For David R. Papke, the focus is on cinematic
representations of law professors and whether these representations reflect
the reality of law teaching. In "Crusading Hero, Devoted Teacher, and Sympathetic
Failure: The Self-Image of the Law Professor in Hollywood Cinema and in
Real Life, Too", Papke critically examines representations of legal academicians
such as Edward G. Robinson's zealous, self-righteous Lindsay in I Am
the Law, devoted curmudgeons like Kingsfield in The Paper Chase
and Stromwell in Legally Blonde, and morally flawed, pathetic has-beens
typified by Sam Shepard's Callahan, linked romantically to Julia Roberts'
character in The Pelican Brief.
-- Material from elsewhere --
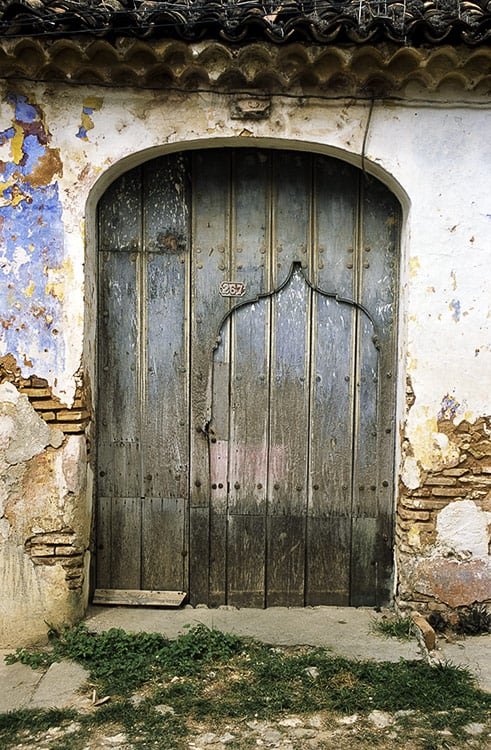 Doorway image 0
He assesses the impact of these
representations on the identities that real law teachers construct for
themselves.
Finally, Papke's analysis complements this
author's contribution to the symposium, "Law and the Supernatural: How
One Film's Truth Compulsion Conceit Critiques and Redeems the Post-O.J.
Lawyer," which sets out to assess the cultural power of the magically transfixed
trial lawyer in the film Liar, Liar.
The AALS Section on Law and the Humanities,
in conjunction with the Vermont Law Review, is pleased to present
to the reader this year's symposium issue, Law in Film/Film in Law.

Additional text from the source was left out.